I remember my Mom telling me an old phrase that she heard as a child: Beauty is only skin deep, but ugly is to the bone.
I'd like to think of myself as a beautiful person on the inside despite how I loathed my body. I hope that people think of me as empathetic, compassionate, and as a good friend. In spite of the love handles. My body will continue to "evolve" (NOW you can insert "get fatter"). But I ever strive to be a beautiful person on the inside.
So, over the course of my run last night, I felt strong even though I was tired. I was running at a pretty decent pace that felt easier (which thankfully was evidenced by a lower heart rate than normal). I thought about how I've only been a runner for 4.5 years, and how I've stuck with it despite injuries and other setbacks. I amazed myself that I set goals to accomplish, and even when I don't reach goals, I haven't quit (although the idea teases me from time to time).
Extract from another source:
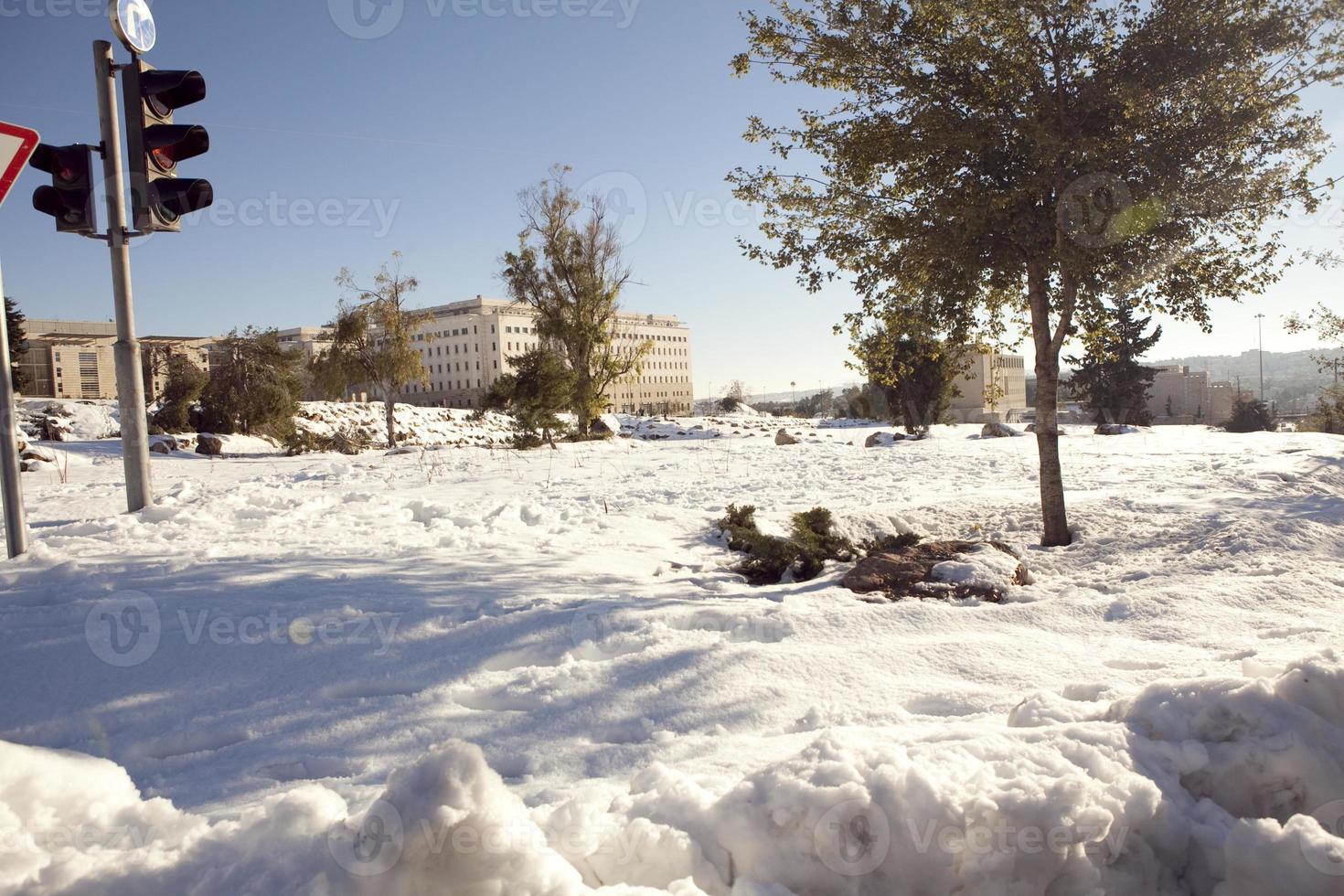 Schnee in Jerusalem und den umliegenden Bergen foto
As each footstep fell, I felt spring in my stride and enjoyed the crisp air in my lungs. No, I don't have the body of Kara Goucher, but I amaze myself that I run to compete, and run for fun. My legs are strong enough to carry me mile after mile. And for that, I am one lucky girl.
And because of the personal accomplishments I've achieved, and how easy my run felt, I decided to quit hating my body as much as I do.
At 38, it's probably only downhill from here (and not the good kind of running downhill, either!)
I know exactly how you feel! I am slow, and NOT a jogger! I am also not super skinny, and don't look like the typical runner.